14ième heure - entre Eastmyr et les Braeryn
Le festival est un moment où nous, drows, aimons nous montrer. Nous, nos maisons, notre magie, nos talents, notre perversité… tout est prétexte à démonstration. Les maisons nobles en sont particulièrement friandes et, cela fait souvent mes affaires. La maison T’orgh n’est pas très puissante, à vrai dire, elle mérite à peine le qualificatif de « noble », mais elle parade quand même dans son quartier, à la limite de la silencieuse Eastmyr et des puants Braeryn. A l’image de cette maison. Cela lui coûtera cher, bien sûr, mais le prestige compte plus que l’argent.
[en préparant la partie, j'avais mis comme scène possible "défilé d'une maison noble dans les rues en signe de puissance. ça m'a paru être le bon moment pour la sortir, en l'adaptant à une maison plutôt faible]

 
Je tâche de repérer Ssapriina. Je fini par la remarquer sur un des chars en grande conversation avec un mâle tout en arme. Chakos T’orgh, le maitre d’arme de la maison. Je ne sais pas ce qu’il vaut une arme à la main, mais il est observateur car il m’a remarqué. La prise de contacte va être plus compliqué que prévu.
[échec de peu sur un jet de perception. Quand un jet est un échec de moins de 5 par rapport au DD, je considère que c'est un "oui, mais" une réussite mais qui attire une complication, immédiate ou future.

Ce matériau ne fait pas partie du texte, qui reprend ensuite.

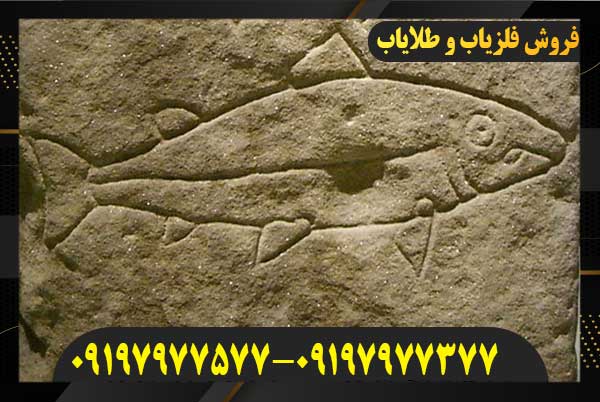 نشانه ماهی در گنج یابی09197977577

Ici, introduire le fait que Vorghyrn ait été remarqué permettra potentiellement de créer des complications par la suite, si le besoin s'en fait sentir]
Plutôt que de prendre le risque d’attirer l’attention, je fais passer par un garde un parchemin que seule Ssapriina pourra lire. J’espère qu’elle sera réceptive à mon invitation. La réponse ne tarde pas. Elle accepte de me rencontrer mais cela se fera en sa demeure. Cela pourrait être un piège mais j’accepte. 
[utilisation du sort "illusionary script" de warlock. Un excellent sort pour faire des trucs hors-combat. Le jet de persuasion sur le garde est largement réussi]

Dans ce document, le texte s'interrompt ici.